That's the entire migration. Search-replace cacheDiscountUSD → cacheSavingsUSD in your consumer code and you're done. Reason for the rename: "discount" framed the field as a price reduction; "savings" frames it as recoverable spend, which is the semantic OpenInference and Langfuse both standardize on.

Not breaking:

The new CacheControl interface is additive. Existing calls that don't pass cacheControl continue to behave exactly as before.
providerExtras injection of Anthropic cache_control continues to work as an escape hatch.
TokenUsage.cacheReadTokens is unchanged.
ModelPricing.cacheReadPer1M is unchanged.

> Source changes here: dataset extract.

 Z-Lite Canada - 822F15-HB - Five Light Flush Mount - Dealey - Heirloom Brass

The typed-error taxonomy from alpha.18 (which was the first big alpha-line breaking change) is unchanged here — that contract is now stable through beta.0.

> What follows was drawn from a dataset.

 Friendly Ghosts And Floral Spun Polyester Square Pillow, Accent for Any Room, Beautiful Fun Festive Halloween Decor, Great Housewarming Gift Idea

How to prepare for alpha.19

1. Pin to alpha.18 until you migrate. If your code reads cacheDiscountUSD anywhere, pin @llm-ports/core@0.1.0-alpha.18 explicitly until you've planned the field-name update. The npm @alpha dist-tag will move to alpha.19 on ship day.

2. Grep your codebase.

rg 'cacheDiscountUSD' --type ts
rg 'cacheDiscountUSD' --type js

If you find hits, they all need to become cacheSavingsUSD. Most consumers won't have any — the field was introduced in alpha.13 and is read mostly by observability wrappers.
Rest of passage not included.